Luckily, there was one friend she could depend on.

She couldn’t tell her mother, her sisters, Tim, her brother or cousins, or her nearby friends or neighbors—she sighed at the thought of it—but she’d managed to make a few friends among the tourists who traveled through Somerset each summer and stopped at the small boutique her designs sold in. Once they sold, it wasn’t unusual for the buyers to contact her, interested in other unique wardrobe items. From those buyers, she had made several friends.

Those tourists didn’t live in Kentucky, and they had no idea how powerful her brother thought he was. A quick call to one of them, Amy Seavers, had resulted in a fake ID and a train ticket, as well as a ride to the train station.

She was all set and ready to go. All she had to do was slip out with her bags and be waiting at the designated location when Amy’s sister, Gypsy, arrived.

Blowing out a hard breath, Piper glanced at the patio doors, her heart beating hard and fast with the thought that Jed didn’t make idle threats. There was no doubt in her mind that he knew exactly how to pick the locks on her doors. There was no doubt he would pick them if he were in the right mood.

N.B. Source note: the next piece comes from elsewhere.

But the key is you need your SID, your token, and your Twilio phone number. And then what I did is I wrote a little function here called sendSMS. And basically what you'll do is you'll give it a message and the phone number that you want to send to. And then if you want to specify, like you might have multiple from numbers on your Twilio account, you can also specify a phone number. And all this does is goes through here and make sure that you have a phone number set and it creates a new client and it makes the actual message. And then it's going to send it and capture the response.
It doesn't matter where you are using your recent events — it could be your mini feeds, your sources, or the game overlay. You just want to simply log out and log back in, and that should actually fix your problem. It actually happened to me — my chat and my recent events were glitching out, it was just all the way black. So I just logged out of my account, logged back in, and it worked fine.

She rather doubted he’d learned that trick in the construction business. Just as she doubted her sister’s fiancé, Brogan Campbell, was slipping into the upper story of the inn in the middle of the night because he missed anyone there.

Hell, no. Those nights Piper had watched the shadowed figure easily pull himself to the second-floor balcony and slip through the glass doors that led to Tim’s office, she’d known exactly why he was there.

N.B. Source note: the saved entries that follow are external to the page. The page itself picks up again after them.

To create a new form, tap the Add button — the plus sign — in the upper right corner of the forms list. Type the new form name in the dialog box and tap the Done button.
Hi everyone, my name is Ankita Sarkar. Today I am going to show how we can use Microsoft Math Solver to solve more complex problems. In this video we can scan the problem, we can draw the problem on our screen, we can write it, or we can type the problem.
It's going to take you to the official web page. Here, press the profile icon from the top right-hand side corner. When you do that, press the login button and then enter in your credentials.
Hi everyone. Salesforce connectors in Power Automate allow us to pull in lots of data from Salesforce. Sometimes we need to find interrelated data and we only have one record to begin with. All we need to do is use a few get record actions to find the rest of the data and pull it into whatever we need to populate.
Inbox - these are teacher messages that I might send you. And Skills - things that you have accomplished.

Timothy liked to tell anyone and everyone who dared to ask that he was retired. Learn the definition of the word, he’d growled at the lawyer who’d shown up several weeks before in regard to the deaths of several suspected homeland terrorists the summer before.

Piper had heard the words “Eve” . . . “kidnapping” . . . “boat,” and “Campbell” just before he dared to say, “Special Agent Cranston. ”

She bit back a smile at the thought of how quickly Tim had cut him down and informed him in no uncertain terms that retirement was a glorious thing.

Retirement, her ass. Timothy, or Tim as she and her sisters often called him, was about as retired as Dawg and her cousins were. Just retired enough to be able to claim they weren’t involved in anything, but involved enough to ensure they all knew exactly what was going on in their little corner of the world.

Closing the cases quickly, Piper moved to the closet and stored them out of sight, just in case Jed decided to make a midnight visit.

If he saw her bags and realized they were packed, he would immediately demand to know where she was going. Once he knew . . . hell, she may as well take out an ad.

There wasn’t a doubt in her mind that Jed would tell Dawg just as fast as he could make the call. Then Dawg and her cousins would arrive and insist on accompanying her.

If she allowed it to happen.

There wasn’t a chance in hell she would allow it, she thought wearily. The very thought of it was enough to send a shudder racing through her body.

She closed the door and moved toward the bed, then came to a hard stop.